This past week has been one like I have never experienced in my entire life. I have faced fires, traumatic accidents, flooding, and more in my life, but none of that could possibly have prepared me for the devastation and heroism I witnessed working rescues in and around Houston following Hurricane Harvey. Unless you were in the Gulf Coast, you can not comprehend the true devastation that has resulted in 3 million people being displaced in the region. I feel very blessed that I could be a small part of the efforts to save lives.
It all started the weekend that Harvey hit Texas. I joined 22 other firefighters from the Somervell County Fire Department as we traveled to Ingleside and Port Aransas to aid in search and rescue operations. After two nights, I had an overwhelming calling to head to Houston, and I knew that I had to find a way to get there. I placed an emergency request on Facebook for a ride from Ingleside to Houston, and left it in God’s hands. A friend of a friend contacted me and told me he had an employee who would take me to Houston, even during the Hurricane.
When we entered Houston, all of the highways were closed and Downtown Houston was under water. Because of this, we were having no luck getting me to my drop-off point, since we did not know the city. Then I saw a truck with two jet skis going the opposite way down I-45. I was able to stop the man, and I asked him what he was doing. He told me that he and his nine-year- old son had brought the jet skis out to ride on the interstate, thinking it would be fun – completely ignoring the massive currents caused by the flooding. I was able to talk him out of this, and instead urged him to direct us to Cypress via back roads. He graciously spent more than an hour getting me there.
I finally made it to the area of Cypress and Spring, Texas, on the northern outskirts of Houston. I had my driver pull into a gas station where I saw two young men in a truck with a small boat. I got out and asked them if they could help take me in their boat to the drop-off location where I was supposed to meet my team. Unfortunately, I was unable to make contact with my group, so I was put in touch with another team from Fort Worth. We worked the area and were involved in a number of rescues.
One of the more unusual rescues was of a man who was trapped on the second floor of his house. My partner Troy Moncrief and I were able to reach him with our boat, but he was so frightened that he insisted on jumping into our arms from his second story balcony. Have you ever tried to catch someone jumping from a balcony into your small boat, all the while fighting major currents from floodwaters? I can tell you, it was an experience!
During our rescue work, we witnessed the evacuation of a huge nursing home as well as many homes and apartment buildings. We also saw many people who decided to stay behind, even with their first floor flooded. Some were trapped on their second floor with small infants, and more than a few seemed to treat the situation almost like a Super Bowl party! Many argued that
they could survive for two weeks or more in a flooded home with no running water or electricity. Not to mention all of the raw sewage and waste in the floodwaters, some from a chemical plant that was exploding.
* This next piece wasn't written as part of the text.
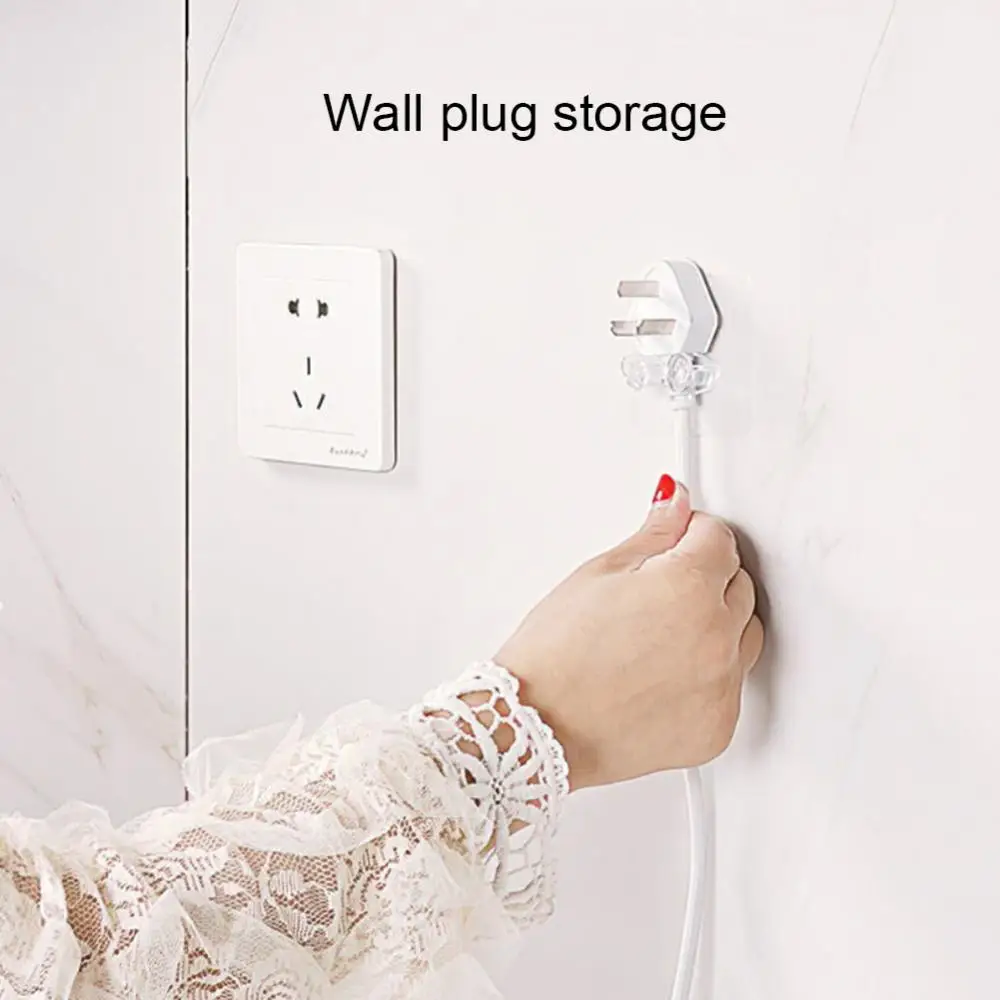 1/2/4PCS Transparent Hook Wire Rack Power Plug Storage Holder Wall Hook Cable Winder Household Products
We worked rescue efforts from Sunday through Thursday, when I returned home thinking that my work was done. However, after a bare two hours home, I received an urgent dispatch that Orange, TX, was in imminent danger of flooding and needed rescuers. I put out an urgent request on Facebook, and many friends responded. Two hours later I was back on the road to meet up with a new boat on the way to a long adventure that took us to Orange, Vidor, Rose City (which, sadly, is no more), Beaumont, and Port Arthur – and hours and hours of driving through very high, flooded roads.
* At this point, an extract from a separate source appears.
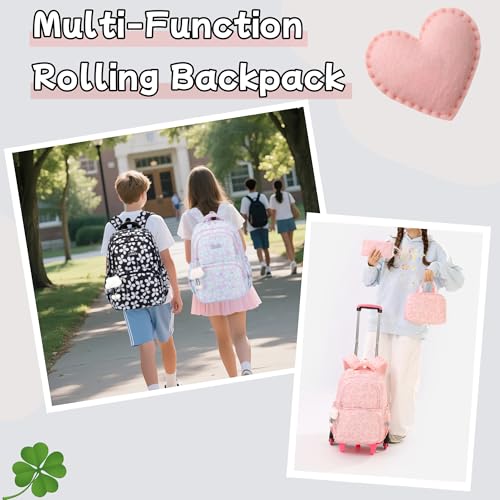 Bansusu 3Pcs Kids Rolling Backpack for Girls with Lunch Bag, Lucky Leaf School Bag Girls Roller Backpack with 6 Wheels, Blue - color: 3pcs-6 Wheels-blue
We met many amazing new friends from all over the USA who joined our group, and the local police and DPS were stellar in their efforts. They allowed me to provide an unobstructed path formy team (since my truck has light and sirens) to the urgent rescues. They even had us fall in behind their swift water rescue teams to bust through traffic jams. I must say, whoever developed the ZELLO app should receive an award for their work. That app was invaluable to us.
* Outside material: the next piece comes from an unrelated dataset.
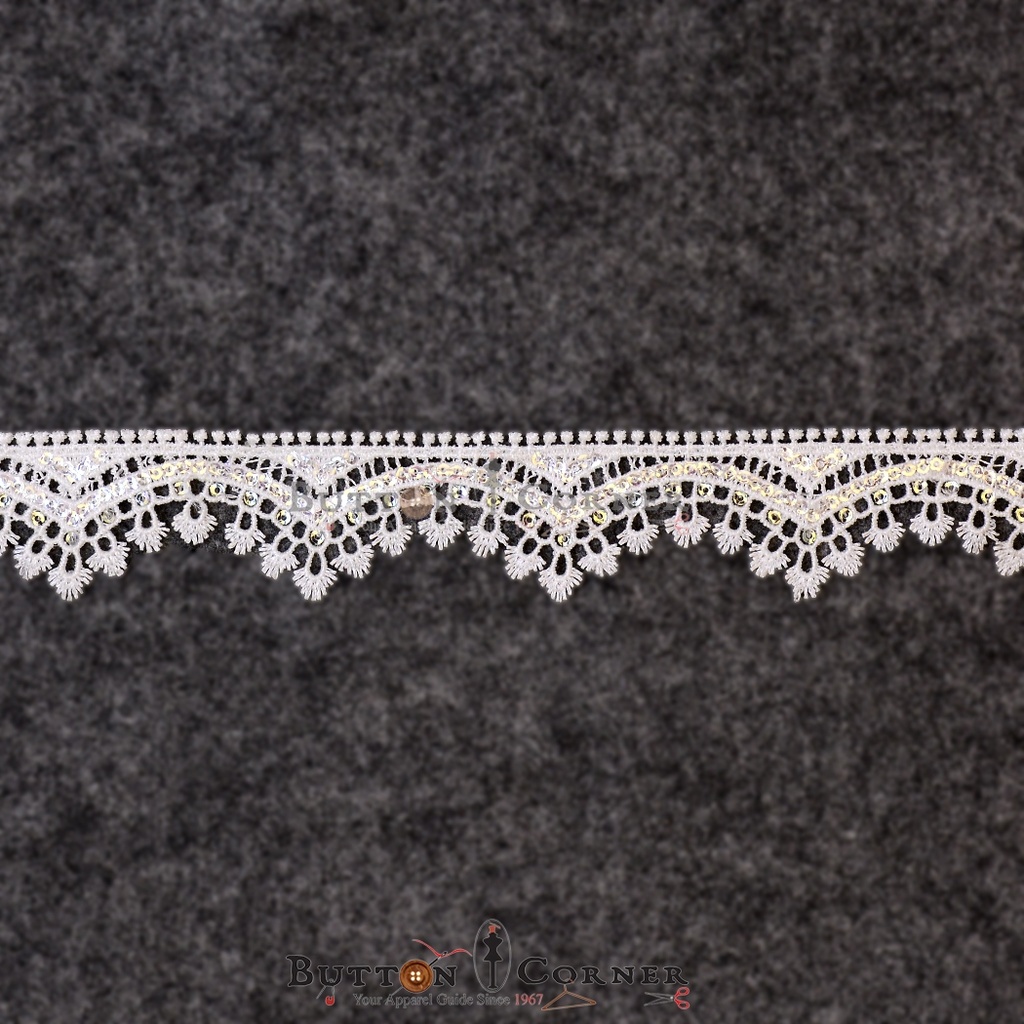 One Side Border Shuttle Sequence Lace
I want to acknowledge the efforts of the Cajun Navy. These people from Louisiana saved many lives, and they came heavily armed, which was an asset several times. They were very, very organized, and they are very serious about what they do. There were also groups made up of hundreds of dispatchers from around the country, who appeared to have it together more than the local authorities at times. They were actually dispatching rescue efforts for the National Guard, Police and Fire Departments, and thousands of volunteer rescuers. I have never witnessed such an outpouring of help from people willing to put their lives on the line for others. Over the week, I passed hundreds of civilians trying to get their boats in the water for rescues.
I have witnessed more near-death experiences than I want to remember, and I have seen destruction most people could never imagine. I know I am alive because of prayer, and prayer works! Unless you were in Houston or the Gulf Coast after Harvey, you cannot comprehend the true devastation of over three million people displaced. I believe this will be the most
catastrophic event to hit the USA. There will be a massive casualty rate, but the end result will be the coming together of people demonstrating love and compassion to rebuild and help in the healing process. I thank God for putting me in a position to help.